Restate the data below word for word, and let no image into your version.
====
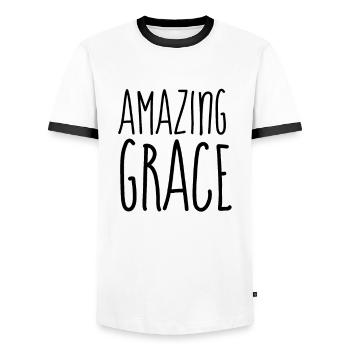Amazing Grace - Christian Quotes - Men's Ringer Shirt - white/black - Front - AI Model Female 172 light (172cm) & AI Model Male 178 dark (178cm)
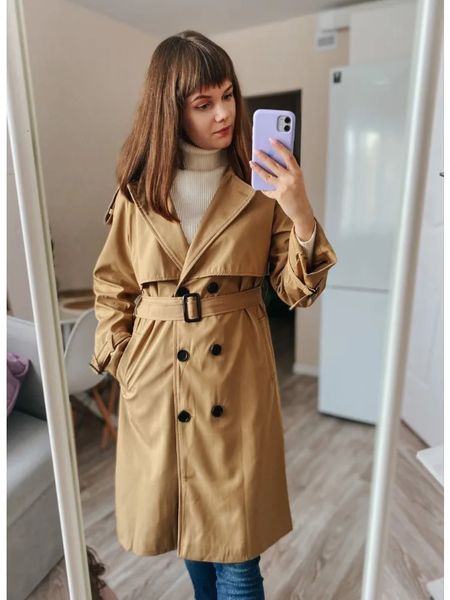 Fitaylor Spring Autumn Casual Women Double Breasted Solid Trench Office Lady Lapel Long Coat With Belt 240704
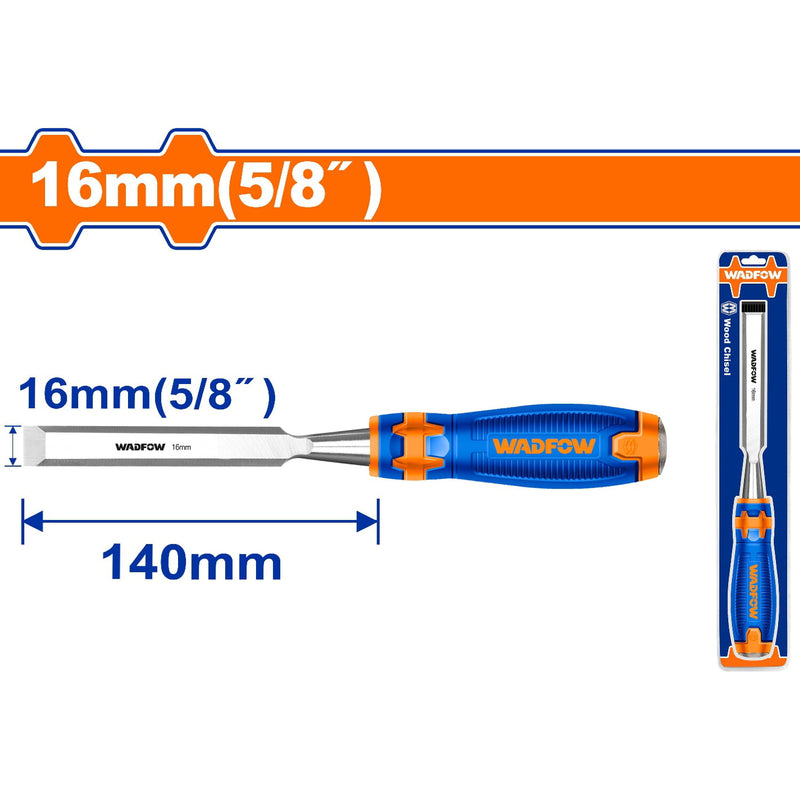 Cincel de madera 16mm (5/8") Mango ergonómico. Acero al carbono. Long.140mm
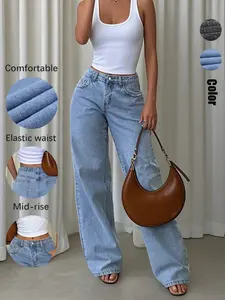 Women's Y2K Loose Fit Wideleg Jeans, Vintage Washed Denim Jeans, Button Fly Closure, Natural Waist, Long Straight Leg, Perfect for Dates and Walks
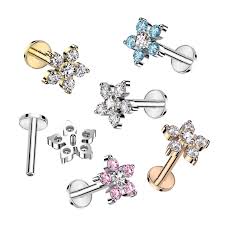 Double Tiered 6 CZ Flower Top Internally Threaded 316L Surgical Steel...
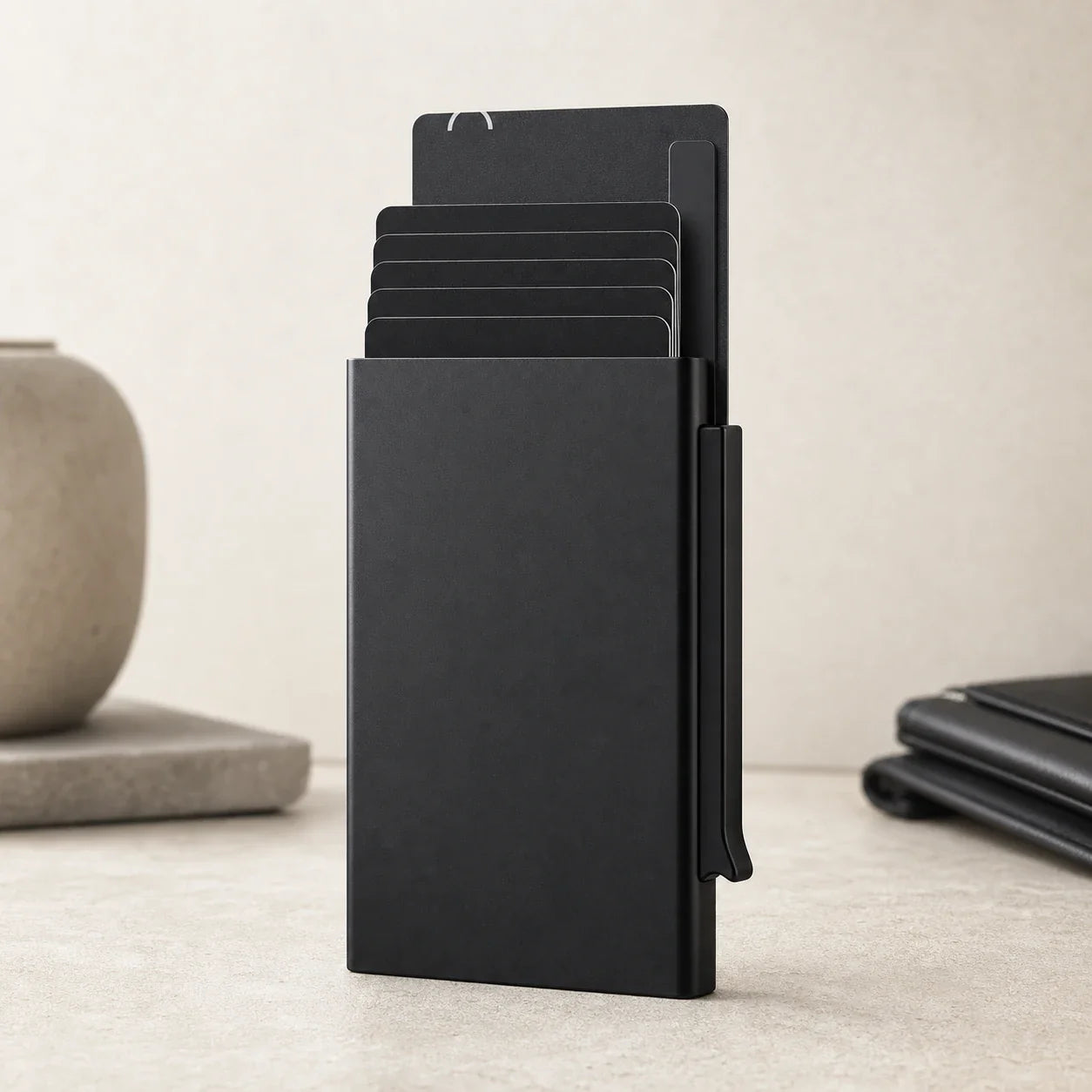 NALO Card Holder loaded with clean cards and a slim tracker card.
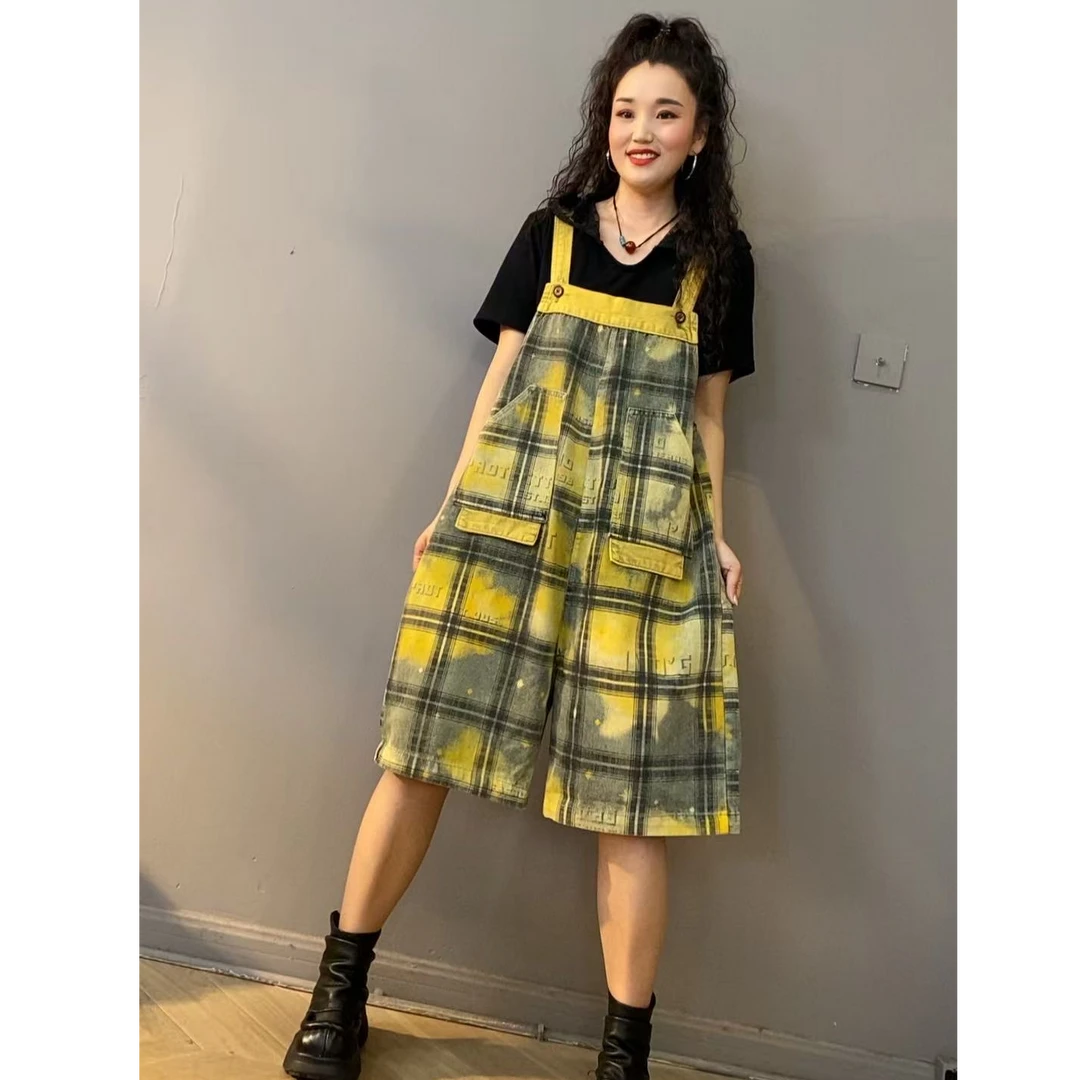 呱唧[炒色黄格]夏季新款复古做旧牛仔炒色黄格纹休闲五分背带裤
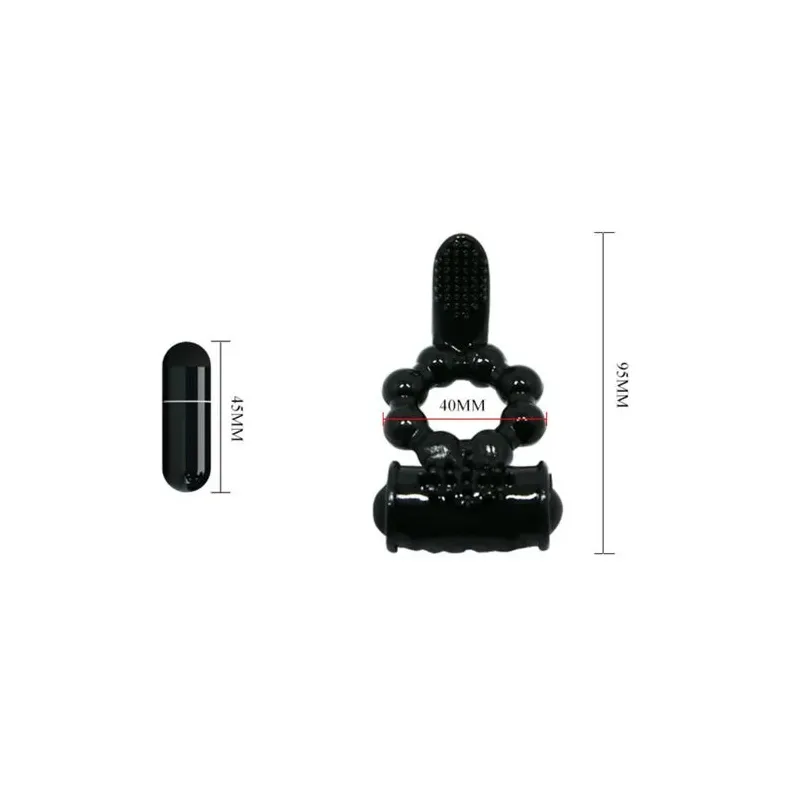 Schwarzer Vibrationsring BAILE FOR HIM Sweet Ring mit Doppelstimulation und Klitoris-Hase aus Silikon
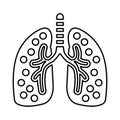 Anatomy, body, breath system, breathe, lung line icon. Outline vector.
====
§ **Output**
Amazing Grace - Christian Quotes - Men's Ringer Shirt - white/black - Front - AI Model Female 172 light (172cm) & AI Model Male 178 dark (178cm)
 Fitaylor Spring Autumn Casual Women Double Breasted Solid Trench Office Lady Lapel Long Coat With Belt 240704
 Cincel de madera 16mm (5/8") Mango ergonómico. Acero al carbono. Long.140mm
 Women's Y2K Loose Fit Wideleg Jeans, Vintage Washed Denim Jeans, Button Fly Closure, Natural Waist, Long Straight Leg, Perfect for Dates and Walks
 Double Tiered 6 CZ Flower Top Internally Threaded 316L Surgical Steel...
 NALO Card Holder loaded with clean cards and a slim tracker card.
 呱唧[炒色黄格]夏季新款复古做旧牛仔炒色黄格纹休闲五分背带裤
 Schwarzer Vibrationsring BAILE FOR HIM Sweet Ring mit Doppelstimulation und Klitoris-Hase aus Silikon
 Anatomy, body, breath system, breathe, lung line icon. Outline vector.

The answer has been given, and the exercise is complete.